CVE-2021-28694: 
Linux Debian vulnerability analysis and mitigation

CVE-2021-28694 is a vulnerability in the Xen hypervisor that affects systems with ACPI tables specifying untranslated memory regions. The vulnerability was discovered by Jan Beulich of SUSE and disclosed in September 2021. It affects all versions of Xen on x86 systems with IOMMUs and firmware specifying memory regions to be identity mapped (Xen Advisory).

The vulnerability occurs when ACPI tables specify regions of memory that should be left untranslated (pass through the translation phase unaltered). While these are typically device-specific ACPI properties, they can also be specified to apply to a range of devices or all devices. Xen failed to prevent guests from undoing or replacing such mappings. The vulnerability has a CVSS v3.1 Base Score of 6.8 (MEDIUM) with vector: CVSS:3.1/AV:P/AC:L/PR:N/UI:N/S:U/C:H/I:H/A:H (NVD).

The precise impact is system-specific and can include privilege escalation, denial of service, or information leaks on affected systems. The vulnerability is only exploitable by guests granted access to physical devices through PCI passthrough (Xen Advisory).

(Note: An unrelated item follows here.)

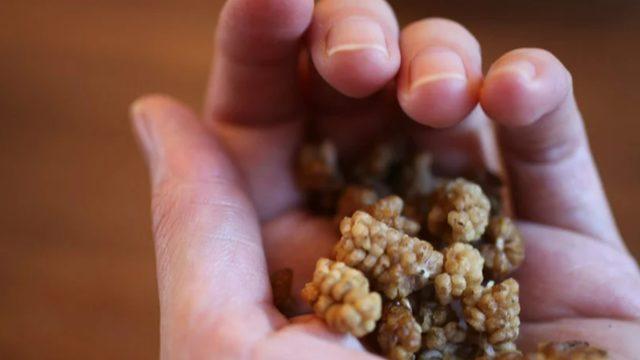 Her gün bir avuç yemek şifa dağıtıyor: İyi gelmediği hastalık yok! Kolesterolü düşürüyor, kalp hastalıklarını önlüyor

The primary mitigation is to not permit untrusted guests access to physical devices. Additionally, limiting untrusted guest access to physical devices whose firmware-provided ACPI tables declare identity mappings will avoid the vulnerability, provided there are no identity mapped regions specified by the ACPI tables to apply globally. Note that a system remains vulnerable if a guest was trusted while having a device assigned, and then has the device removed in anticipation of the guest becoming untrusted (Xen Advisory).